Message par uno » 03 avr. 2019, 01:30

Riposte vitale a écrit : 03 avr. 2019, 01:00Qu'en pensez-vous ?
Que tu compiles ce qui t'arrange sans vraiment remettre en contexte ou comprendre ce que tu compiles. Oui parce qu'il y a de nombreux millions d'années nous avions acquis des traits de régimes de type herbivores, normal c'était bien avant l'hominisation, cette dernière s'étant défini par un régime plus varié et davantage de viande.

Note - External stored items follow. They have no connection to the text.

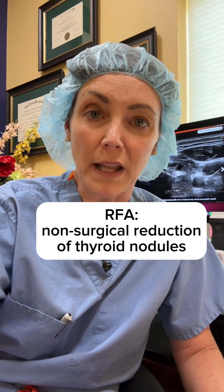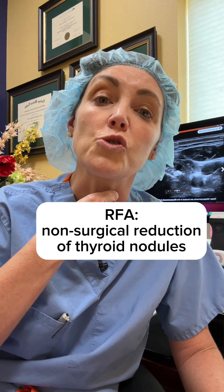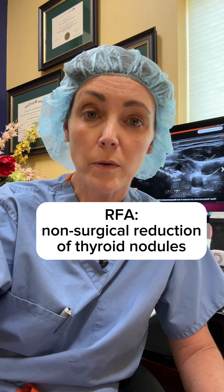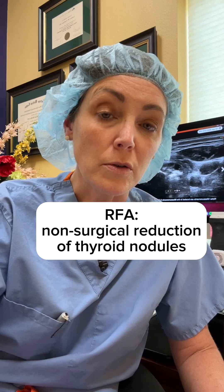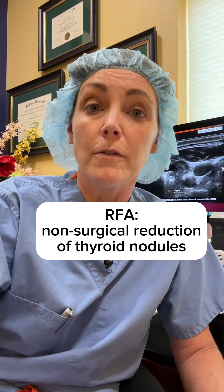Dr. Van Dyke here. We just got done doing a radiofrequency ablation of a thyroid nodule for a patient who was having obstruction — she couldn't swallow very well. What I'm going to show you is how RFA works to shrink nodules 50 to 80 percent of their original size.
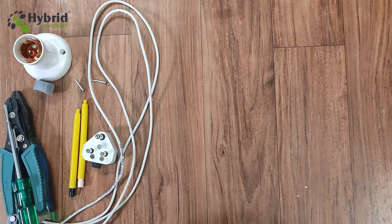Hello friends, welcome to another video of Hybrid Academy. In today's video, I will create a small gadget which will actually be helpful mainly to electricians, but it can also be helpful to other people and even in small regular home use.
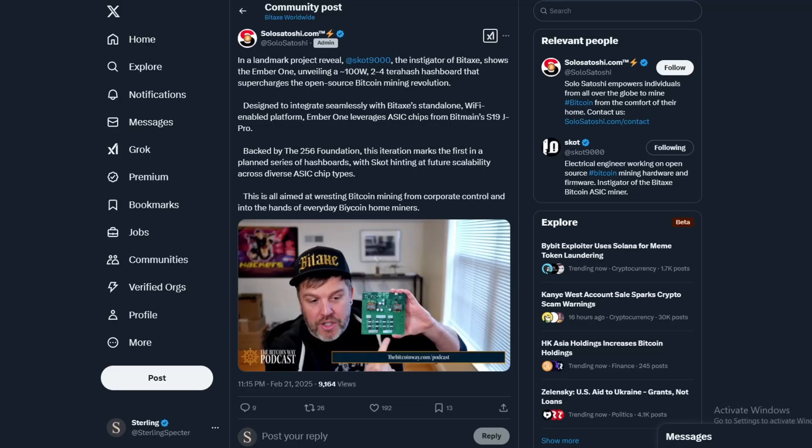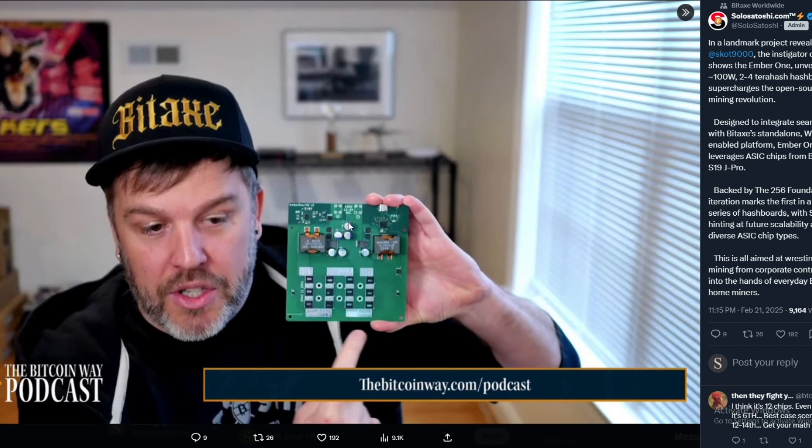Today we're back with another bit of news in the solo Bitcoin mining space. This is coming from the creator of the Bitaxe, Scott, who is unveiling the Ember One. We had rumors about this already around a month ago — we saw the 265 Foundation sponsoring a bunch of projects, and one of the main projects was the Ember One, a solo lucky miner or lottery miner similar to the Bitaxe.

Bref ta présente citation ne change rien à l'affaire. De plus ci maintenant tu mentionne le régime paléo, que personne ne soutien ici, alors tu n'es pas sorti de l'auberge. Encore que l'on sait que des populations humaines se sont adapté sans problème à des régimes essentiellement carnée, cela faisant parti des possibilité que nous permet la souplesse d'être omnivore, ce n'est pas pour autant qu'il faut recommandé ce type de régime aujourd'hui et cela pour plusieurs raisons (notamment les problèmes lié à la consommation de viande cru d'un animal fraîchement mis à mort, indispensable pour la vitamine C sans source végétales, la cuisson de la viande la détruisant). Bref tu tournes en rond en échouant à mettre en doute le caractère omnivore de notre espèce car encore une fois celui-ci est factuel.
Dernière modification par uno le 03 avr. 2019, 02:39, modifié 1 fois.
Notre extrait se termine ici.